Les auteurs analysent en détail les causes des divergences observées, je vous invite à lire l’article au complet pour tous les détails. On peut en retenir que l’ajout au DSQ des médicaments prescrits mais non délivrés de même que des ajustements par rapport au délai avant qu’une ordonnance complétée ou cessée ne disparaisse du profil du patient, semblent avoir eu des effets bénéfiques. La présente étude démontre donc un taux de divergence de 9,7%, alors qu’une étude antérieure avait démontré un taux de divergence d’environ 12%. Les auteurs rapportent également des données non publiées précédemment collectées entre les deux mises à jour de 2019 et 2020. Donc, de façon générale, on peut constater que le DSQ est très fiable, d’autant plus que la majorité des divergences concernaient des médicaments (acétaminophène, vitamine D) pour lesquels les divergences sont inévitables et peu susceptibles d’être cliniquement significatives.

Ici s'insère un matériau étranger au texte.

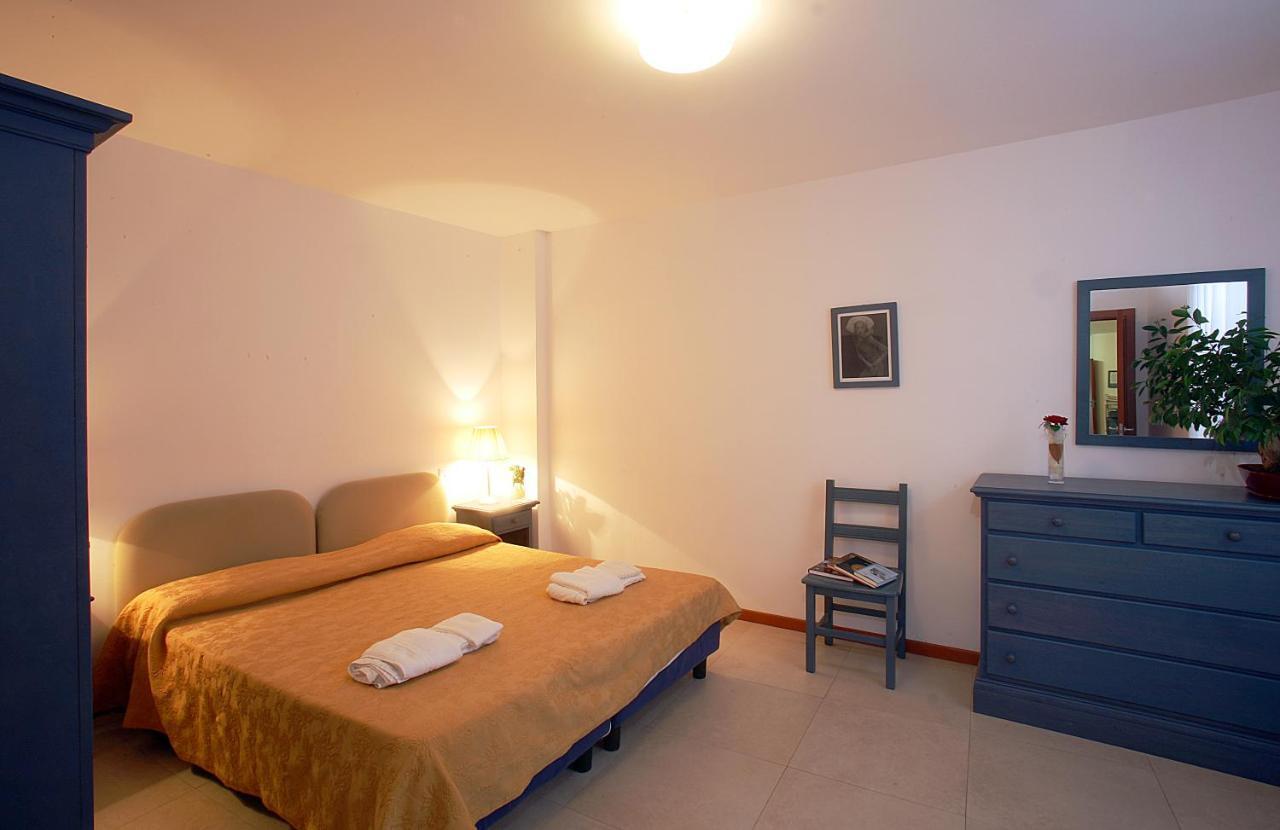 Residence Borgo San Sebastiano Bergeggi Pokoj fotografie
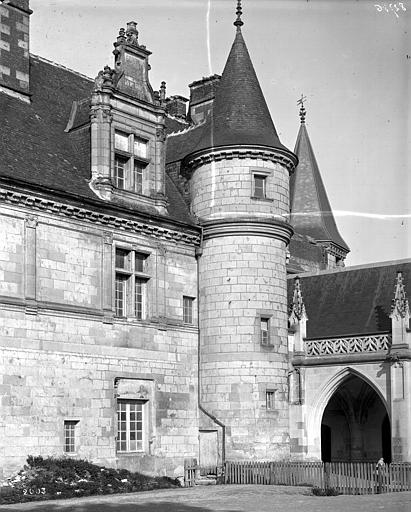 Aile Louis XII : façade sur la cour côté est, tourelle d'escalier et départ de la galerie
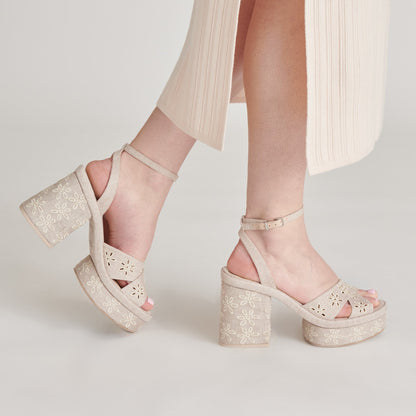 LAISHA HEELS ALMOND FLORAL EYELET Dolce Vita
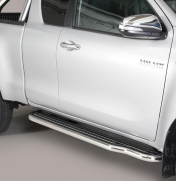 Toyota Hilux astinlaudat 2016-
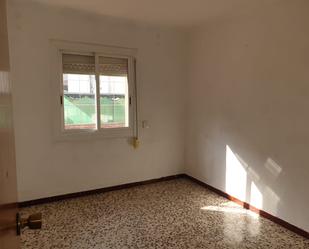 Bedroom of Flat for sale in L'Hospitalet de Llobregat  with Washing machine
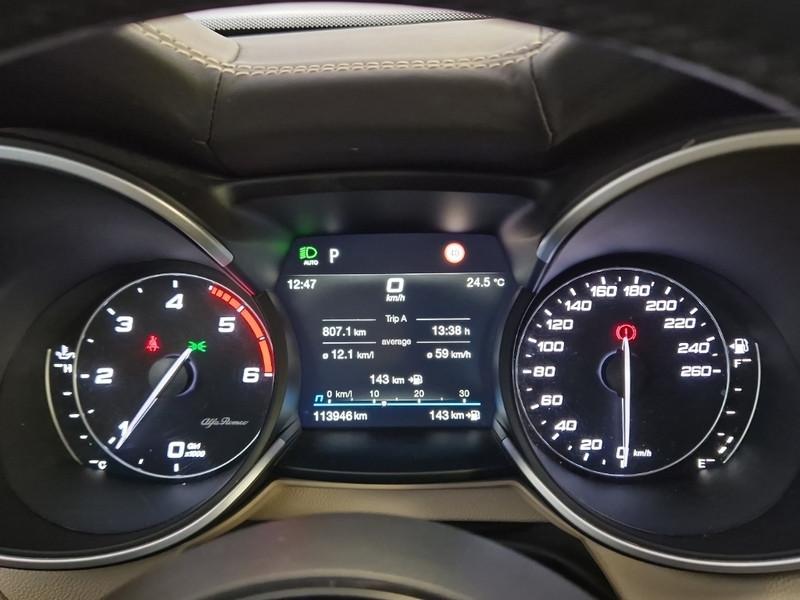 ALFA ROMEO STELVIO 2.2 TD 210CV 6C Villa D'Este AT8 Q4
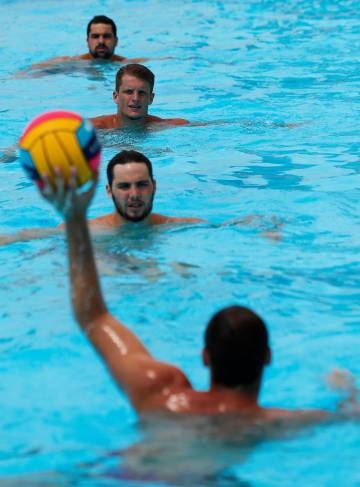 El Europeo de waterpolo, un pedestal para ellas y un trampolín para ellos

Comme les auteurs le mentionnent, l’étude a uniquement comparé le profil pharmacologique de la pharmacie communautaire au profil du DSQ. Il faut souligner que l’objectif de ces listes est d’aider à déterminer les médicaments que le patient prend réellement. Cependant, autant les profils de pharmacie communautaire que le profil du DSQ ne peuvent pas prendre en compte les cas où les patients prennent leurs médicaments différemment de ce qui a été prescrit (pour les médicaments d’annexe I) ou recommandé par le pharmacien (pour l’annexe II ou III). La seule source possible de cette information est une discussion avec le patient ou la ou les personne(s) qui s’occupent de ses médicaments. Citons notamment les cas où des instructions verbales d’ajustement de posologie sont transmises par un prescripteur sans prescription écrite à la pharmacie, les patients s’approvisionnant à plus d’une pharmacie, les patients obtenant des médicaments ailleurs qu’en pharmacie communautaire (programme d’accès spécial, recherche, sources hors Québec, échantillons, etc.), et les patients qui décident par eux-mêmes de prendre leurs médicaments différemment de ce qui est prescrit. Bien que ce soit toujours un enjeu en raison de l’effort et des ressources que cela requiert, rien ne peut remplacer une conversation avec le patient, lorsque possible bien sûr, pour déterminer ce qui est réellement pris.